Press Release: 06.03.09

Russian Crude Exports to Sweeten

BSOTON, MA - In ESAI’s CIS Watch, an outlook on the former Soviet states, ESAI examines the petroleum market dynamics of Russia and other former Soviet states.

Russia has historically exported medium sour crude, but over the next decade there will be more than a two million b/d increase in light sweet exports. Russia officially commences work on phase two of the Baltic Pipeline System this month and will soon complete phase one of the East Siberia-Pacific Ocean pipeline. Changes to Russian export infrastructure reflect both Russia’s new crude oil export strategy and the changing landscape of Russian output. Russia, traditionally a supplier of medium sour crude, will be transformed into a significant supplier of light sweet crude to European and Asian markets over the next decade as a result of these changes.
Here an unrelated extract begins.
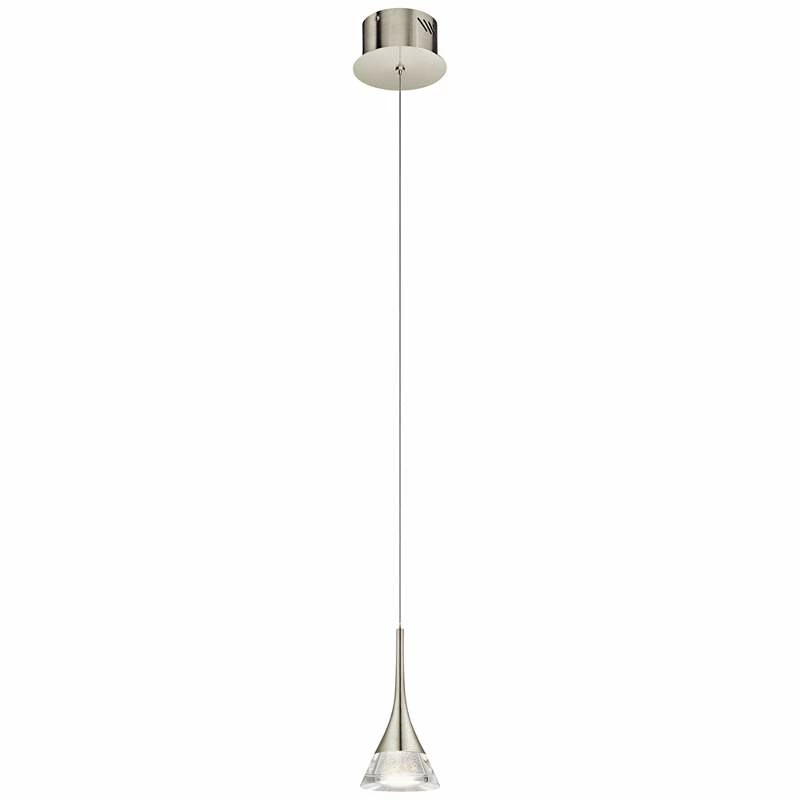Elan Kabru 4 3/4"W LED Brushed Nickel Mini Pendant Light 3 Elan Kabru 4 3/4"W LED Brushed Nickel Mini Pendant Light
Russian exports of light sweet crude to Europe will grow by more than one million b/d over the next decade. In the Black Sea, growth will result from development of the Russian Caspian and the increase of transit flows from Kazakhstan. In northwestern Russia, the development of Timan-Pechora will support growth of light sweet exports from the Barents Sea. These developments will partially offset declining North Sea supply of light sweet.

Growth of supply via the ESPO pipeline will raise Russian light sweet exports to Asia to 1.3 million b/d by 2020 based on ESAI’s forecast for supply growth and exports. "Russian light sweet will be an attractive substitute for China’s declining output of medium sweet," notes Oil Market Analyst Andrew Reed.